The simulation time also allows designers to better tune their microcode. For example, the LA-1 interface requires NPUs to poll a device for completion. Therefore, in order to reduce unnecessary QDR read bus bandwidth consumption due to premature result polling, designers can simulate the output of the completion time and the actual NPU results for read time aid analysis. This output can tell the developer if the code read delay adjustment needs to be longer, shorter, or unchanged.
Another advantage can be seen through the NPU-to-NSE example described above. If a search command has an illegal parameter or fails to provide the proper amount of search key data (either too little or too much), then each condition can cause a warning to be output. Simulation can identify accessing resources before they have been initialized. It can also identify those resources attempting to execute commands out of order, such as those attempting to issue an NSE learn command without having previously issued an NSE learn initialization command.
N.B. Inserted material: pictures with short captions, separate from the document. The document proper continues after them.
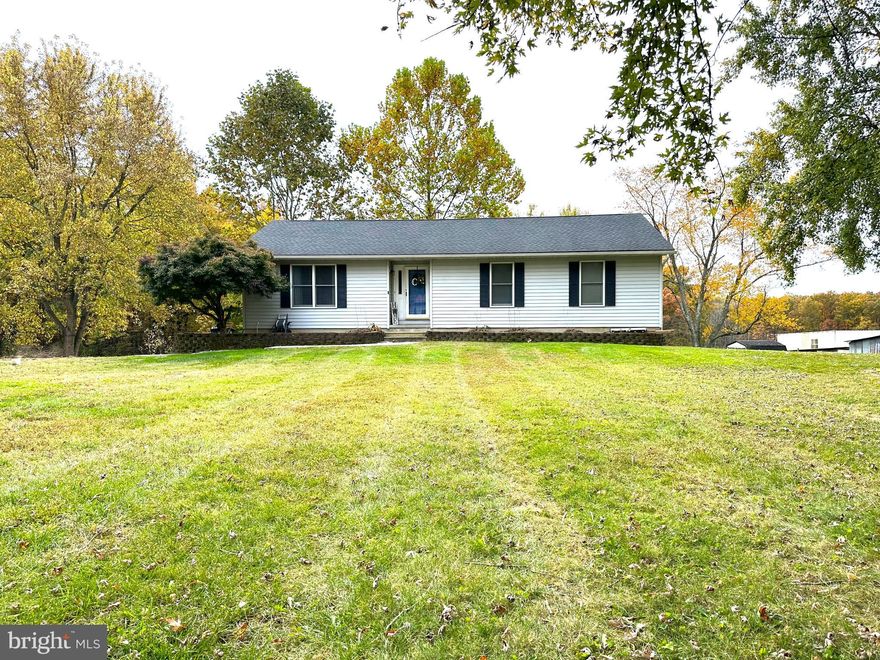 Welcome Home......well maintained rancher tucked away from the hustle and bustle...perfectly positioned on 1.56 acres/plenty of room to roam and backs to woods.....Main floor is 1440 sqft featuring 3 bedrooms and 2 full baths, beautiful renovated kitchen in 2021 with granite counter tops, breakfast bar, SS appliances and a spacious dining  area leading to back deck - great spot for relaxing, grilling and/or entertaining.  Entering the home you will see a cozy, yet sizable living room with lots of natural light and down the hall is a generous size primary bedroom with a stylish full bath/remodeled in 2023 - tile shower with glass door, tile flooring, new lighting & more .......In addition,  there is a full unfinished basement approx 1400+ sqft (walkout and inside connecting stairs).  New roof 2017, New SS appliances 2022, New water softener 2023... Property is out of town,  but convenient to restaurants & stores and just minutes to Delaware - tax free shopping.  Put this on your must see list!!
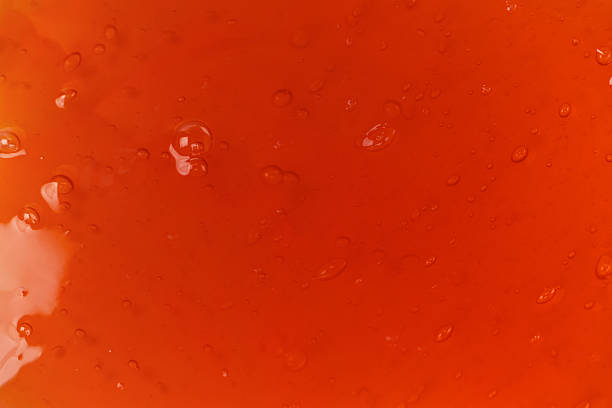 Red slime toy isolated background. Top view.
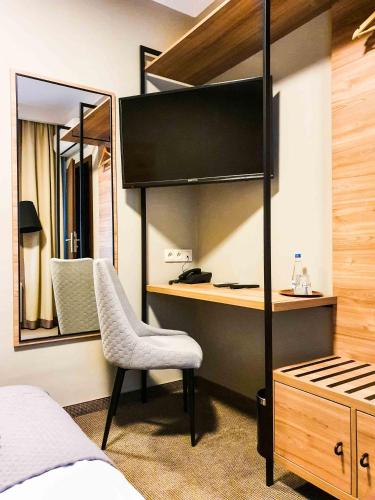 a bedroom with a loft bed with a desk and a chair at Comm Hotel Poznań Airport in Poznań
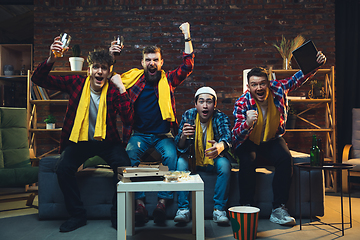 Image showing Group of friends watching TV, sport match together. Emotional fans cheering for favourite team, watching on exciting game. Concept of friendship, leisure activity, emotions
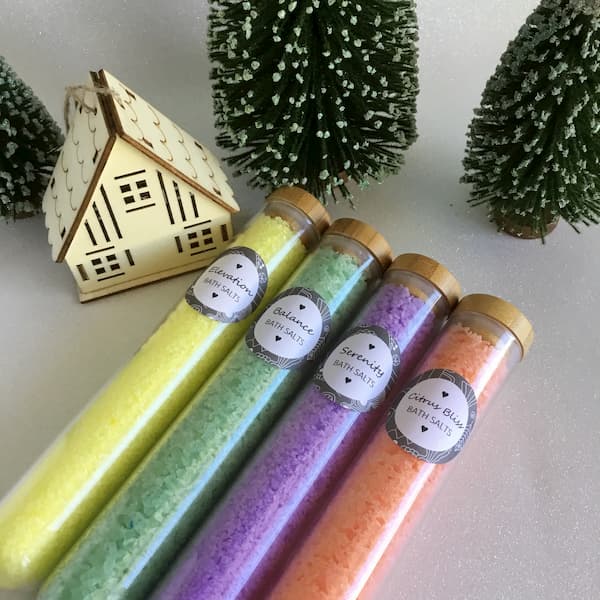 glass tubes filled with colored bath salts in yellow, green, purple and orange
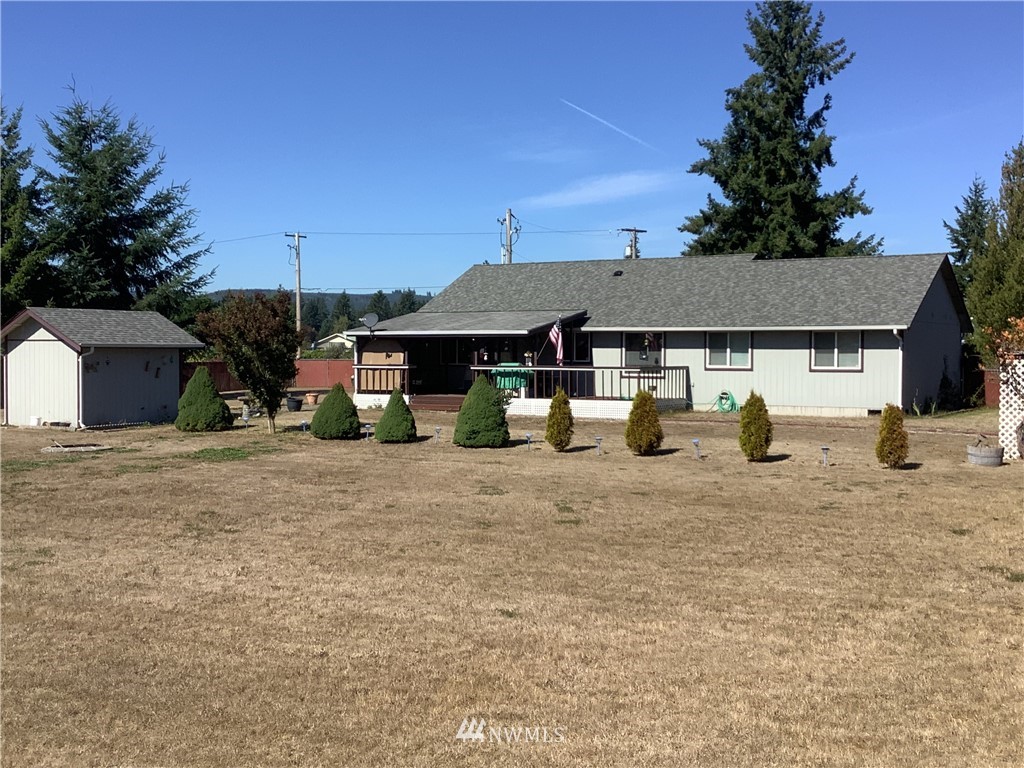 9323 180th Way Southwest Rochester, WA 98579 - Photo 33 of 33 a view of a house with backyard and sitting area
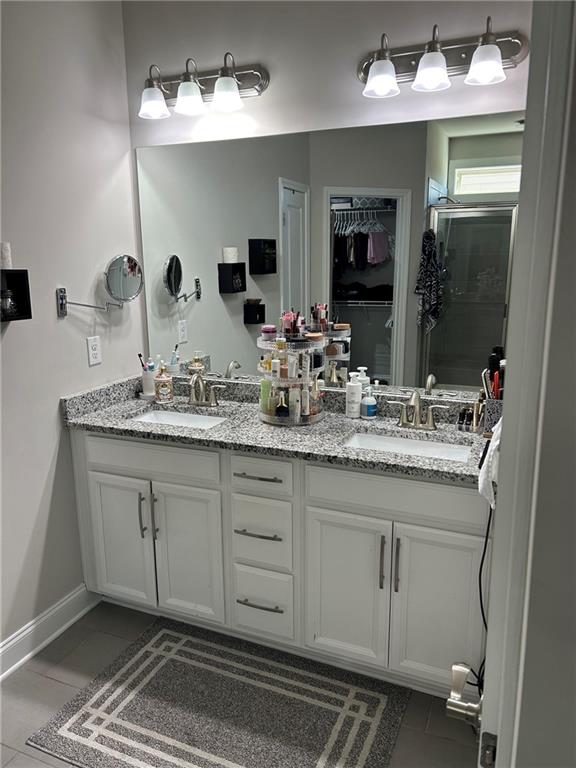 5860 Stargazer Way Cumming, GA 30028 - Photo 18 of 36 a bathroom with a sink and a mirror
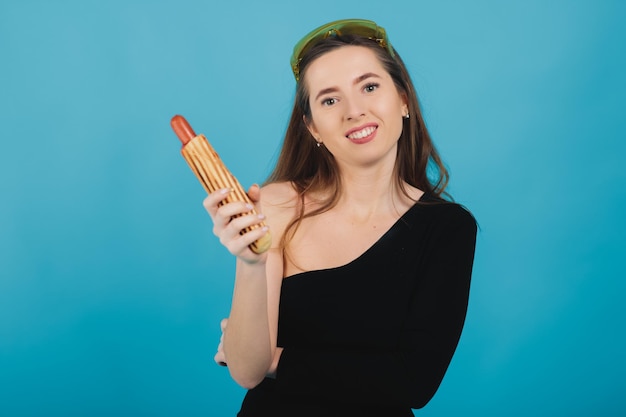 femme sportive en mangeant des hot-dogs sur fond bleu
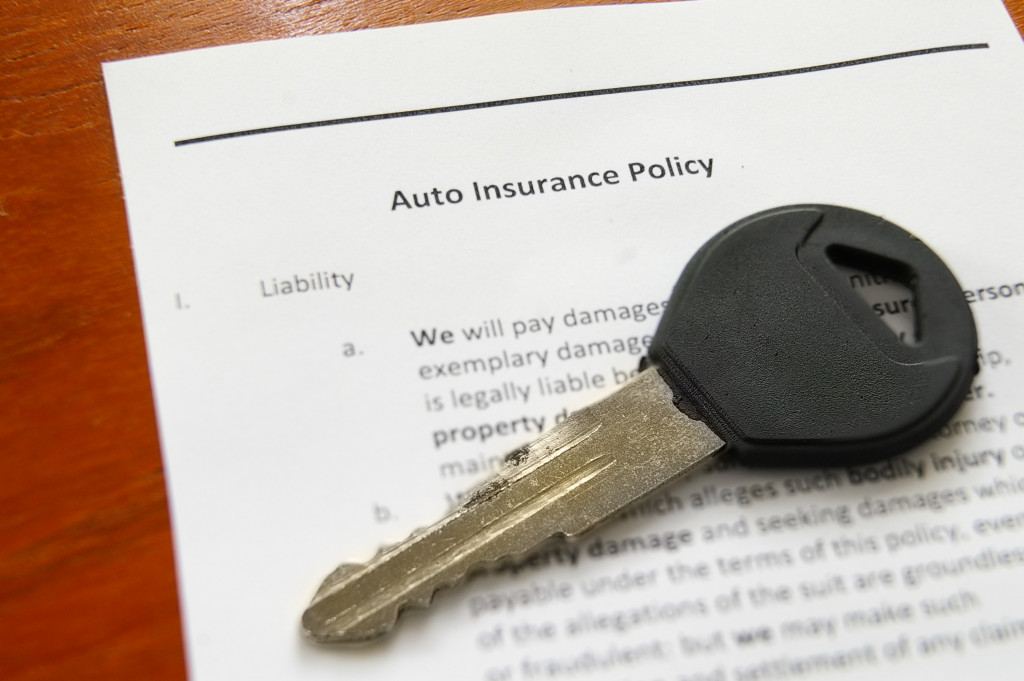 auto insurance policy with car key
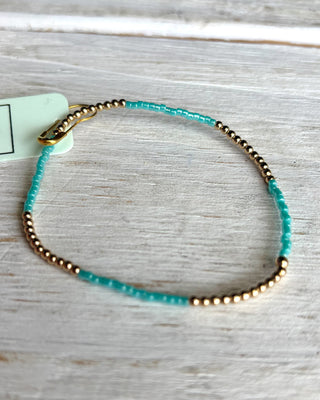 Bracelet with gold and turquoise beads on a wooden surface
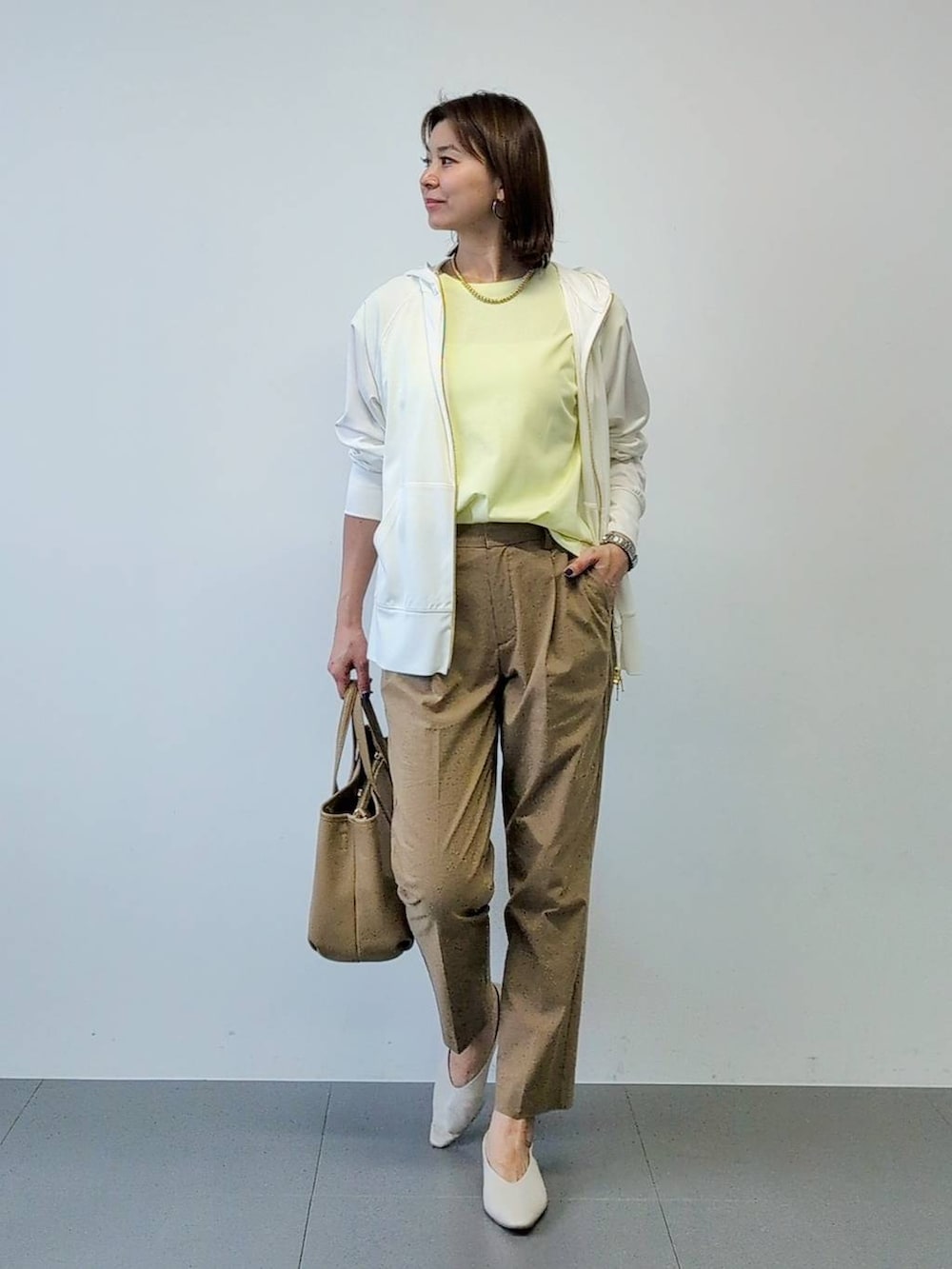 イエロー系のTシャツ/カットソー、ベージュ系のその他パンツ、ホワイト系のパーカーを着用したレディースの春コーディネートの3枚目の写真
The multitude of statistics that a simulation can acquire and the vast variety of possible graphic display and results processing mechanisms is just the beginning. The ability to extend beyond just mimicking the device, subsystems, and systems cannot arrive too soon. Simulation within system-level architectural modeling must continue to evolve and improve.
One area of improvement surrounds the multiple peering point capability provided by simulation systems. Simulation has the capability of enabling multiple peering points normally unavailable with real silicon. These peering points become increasingly important as the integration of standalone devices into a single monolithic entity continues.
In the past, developers have been able to connect logic analyzers and other monitoring and debugging devices to the outputs and inputs. Now, these buses are no longer visible to the developer.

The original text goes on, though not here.